'An excellent dinner was provided: roast fowl with taro, a nutritious root somewhat like potato, rice and jam, bananas and delicious fruit, bread and Scotch cheese, with glasses of cocoa-nut milk.

'Afterwards he showed us the arrangements for boarding young men and women—twelve of the former, and fourteen of the latter. Nothing could well exceed the cleanliness and order of their houses, sleeping rooms, and cooking rooms. The houses, wattled and plastered, had floors covered with native mats, beds laid upon a raised platform running round the inner room, mats and blankets for covering, and bamboo cane for a pillow. The boys were, some writing, some making twine, some summing, when we went in; the girls just putting on their bonnets, of their own manufacture, for school.

'They learn all household work—cooking, hemming, sewing, &c.; the boys tend the poultry, cows, cultivate taro, make arrowroot, &c. All of them could read fluently, and all looked happy, clean, and healthy. The girls wear their native petticoats of cocoa-nut leaves, with a calico body. Boys wear trousers, and some had shirts, some waistcoats, and a few jackets.

'We walked about a small wood adjoining the house, through which a small fresh-water stream runs. In the wood we saw specimens of the various trees and shrubs, and flowers of the island, including those already noticed in Mr. Inglis's garden, and the breadfruit tree and sugar-cane, and a beautiful bright flower of scarlet colour, a convolvulus, larger than any I had ever seen elsewhere; also a tree bearing a very beautiful yellow flower.

'We then returned to the house, and shortly afterwards went to the church, which is at present used also as the school-house, though the uprights of a larger school-house are already fixed in the ground.

'Men, women, and children to the number of ninety-four had assembled in a large oblong building, wattled and plastered, with open windows on all sides; mats arranged on the floor, and a raised platform or bench running round the building for persons who prefer to sit after the English, instead of the native fashion,

'All that were called upon to read did so fluently; the singing was harsh and nasal enough, but in very good time; their counting very good, and their writing on slates quite equal to the average performance, I am satisfied, of a good English parish school. They listened attentively when Mr. Inglis spoke to them, and when at his request I said a few words, which he translated. The most perfect order and quiet prevailed all the time we were in the school. At the end of the lessons they came forward, and each one shook hands with Leonard Harper and myself, smiling and laughing with their quick intelligent eyes, and apparently pleased to see strangers among them.

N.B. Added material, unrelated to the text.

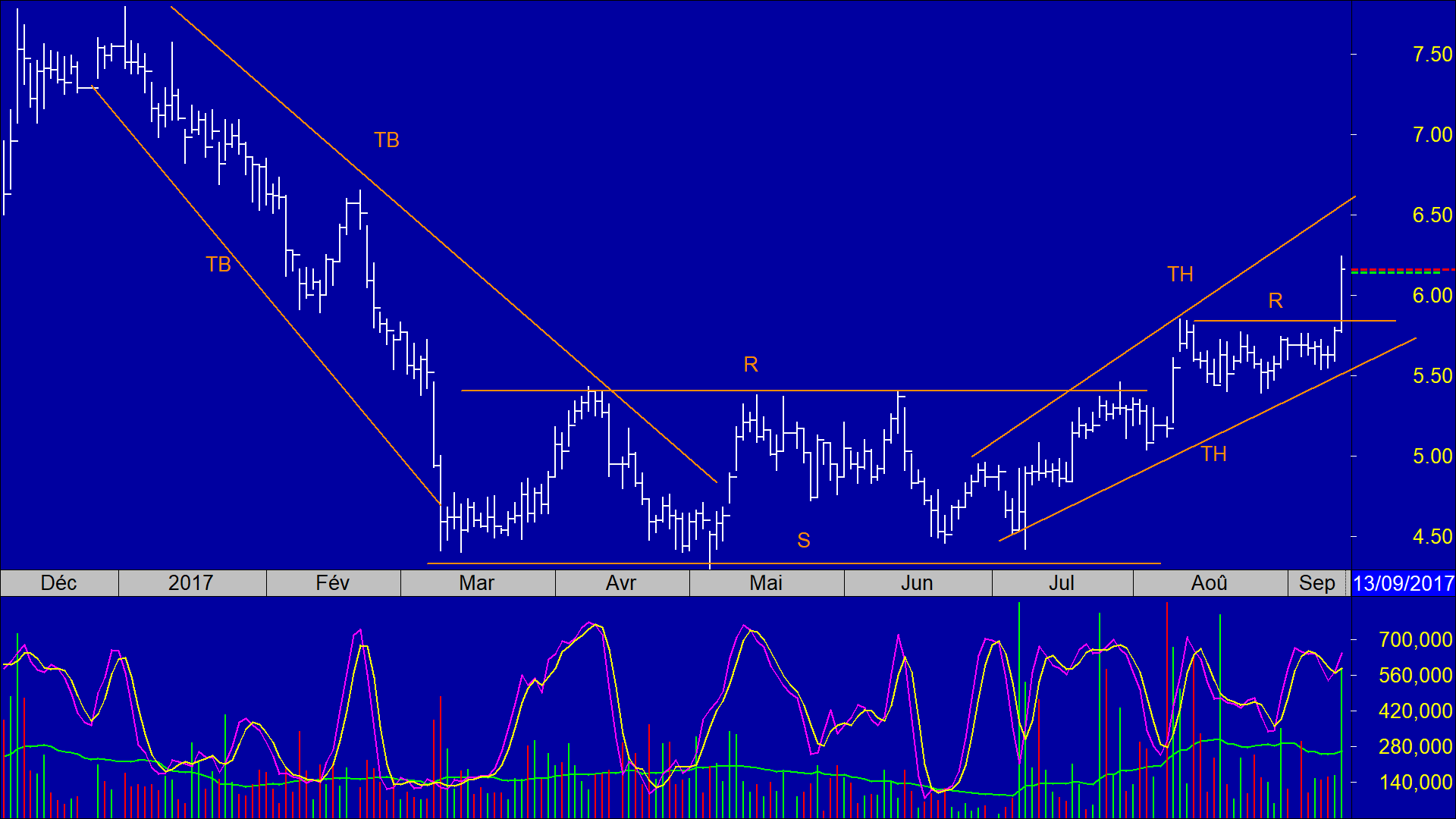 Avoiding downtrends graph 1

'By this time it was dusk, and we went back to the Mission House, and spent a pleasant evening, asking and answering questions about Anaiteum and the world beyond it, until 8 P.M., when the boarders came to prayers, with two or three persons who live about the place. They read the third chapter of St. Matthew's Gospel in turns, verse by verse, and then a prayer from Mr. Inglis followed. At 8.30 we had private family prayers, and at 9 went to bed.

'July 16.—We got up at four, and were soon ready for our walk to the south side of the Island; Mr. Inglis came with us, and ten or twelve natives. For the first half-mile we walked along the beach among cocoa-nut trees, bananas and sugar-canes, the sun, not yet above the horizon, tingeing the light clouds with faint pink and purple lines, the freshness of the early dawn, and the soft breeze playing about us, gladdening at once our eyes and our hearts. Soon we struck off to the south, and passing through taro plantations, began to ascend the slopes of the island. As we walked along we heard the sound of the logs beaten together, summoning the people to attend the various schools planted in every locality, under the management of native teachers, and we had a good opportunity of observing the careful system of irrigation adopted by the natives for the cultivation of the taro plant. Following the course of a small mountain stream, we observed the labour with which the water was brought down from it upon causeways of earth, carried in baskets from very considerable distances; occasionally the water-course is led round the head of various small ravines; at other times the trunk of a tree is hollowed out and converted into an aqueduct; but no pains have been wanting to make provision for the growth of the staple food of the island.'

From this scene of hope and encouragement the 'Southern Cross' sailed on the sixteenth, and passing Erromango, came in sight of Fate, also called Sandwich, a wooded island beautiful beyond description, but with a bad character for cannibalism, and where the Samoan teachers had been murdered. So the approach was cautious, and the vessel kept a mile from the shore, and was soon surrounded with canoes, one of them containing a native who had been instructed in Samoa, and was now acting as teacher.